Si consideráramos el atentado a la Embajada de Israel en 1992 y el atentado a la AMIA en 1994 como puntos de partida, el terrorismo, ese monstruo fanatizado, ya se ha cobrado la vida de miles y miles de víctimas. Las Torres Gemelas, los trenes de Atocha en Madrid, el metro en Londres, las oficinas de la ONU en Argelia o el centro comercial Nairobi (Kenia) son solo algunos de esos ejemplos. Esa larga lista termina con la reciente muerte del periodista japonés Kenji Goto, de la cadena televisiva NHK y de la TV Asahi, secuestrado en Siria y cruelmente decapitado en el desierto. Se suma además, en estas horas, la macabra ejecución del piloto jordano Muaz Kasasbeh, quemado vivo por los yihadistas ultraislámicos ante el horror de la comunidad internacional.
El mundo está en peligro, como se nos recuerda a diario, y pensar que lo que debemos superar es una simple crisis resulta una verdadera tontería. El Papa Francisco, en su homilía en el cementerio de Fogliano Redipuglia, que alberga a miles de caídos en la contienda mundial de 1914-1918, lo explicó claramente. En esa oportunidad hizo referencia a una Tercera Guerra mundial, combatida por partes y azuzada por intereses espurios como la codicia. No hizo otra cosa allí que referirse a ese laberinto en el que todos estamos perdidos.
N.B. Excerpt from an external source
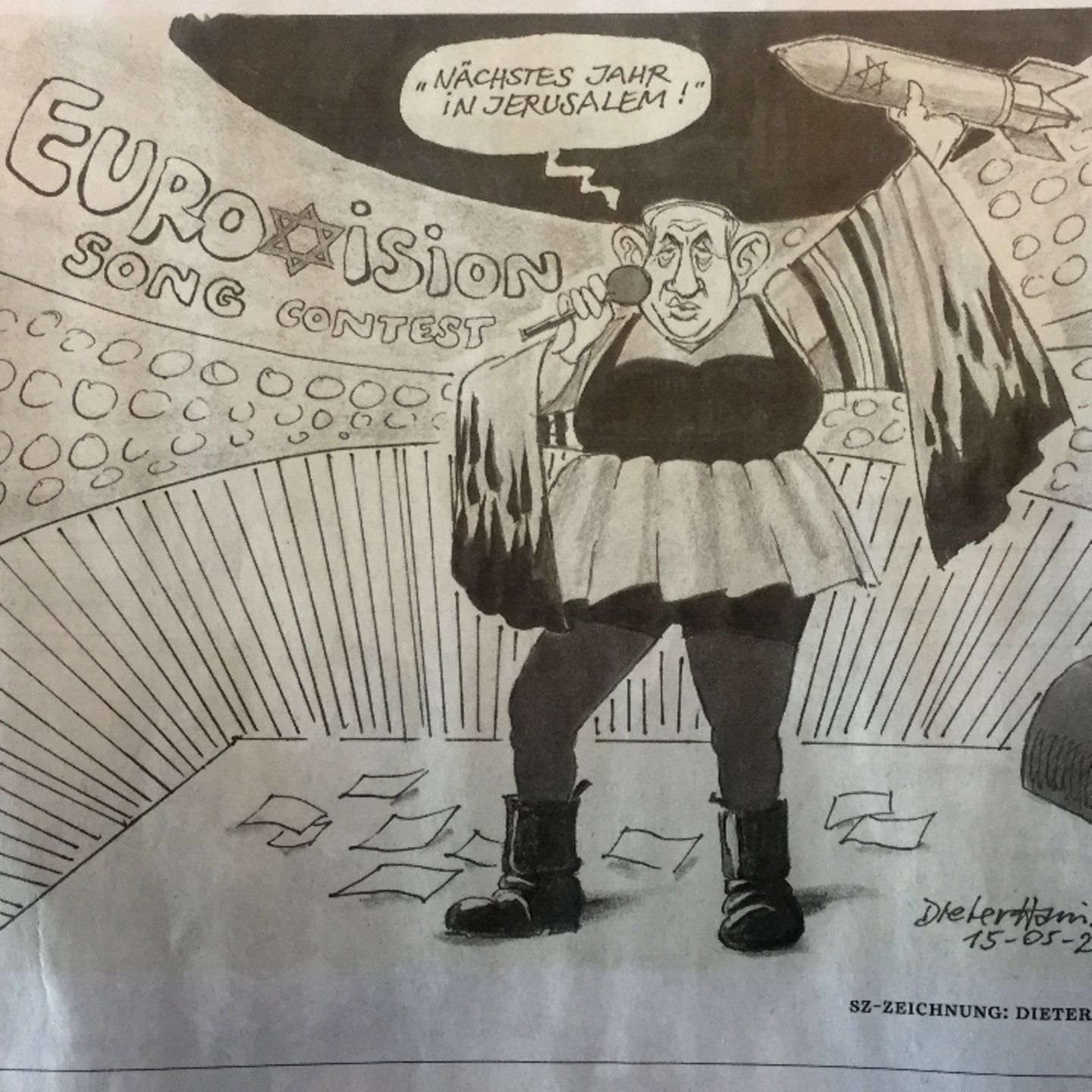 Eine Karikatur, In Der Ein Junges Mädchen Wird Hart Gefickt Eine Karikatur, In Der Ein Junges Mädchen Wird Hart Gefickt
Entonces, el terrorismo internacional es el monstruo, ese que desenvuelve en un laberinto gigante –el mundo entero– y que se transforma indistintamente en una u otra organización. Y el mundo está en guerra, no en crisis, y aún no hay un Teseo; ergo, tampoco hay un hilo de Ariadna que, terminado el peligro, nos permita salir del laberinto.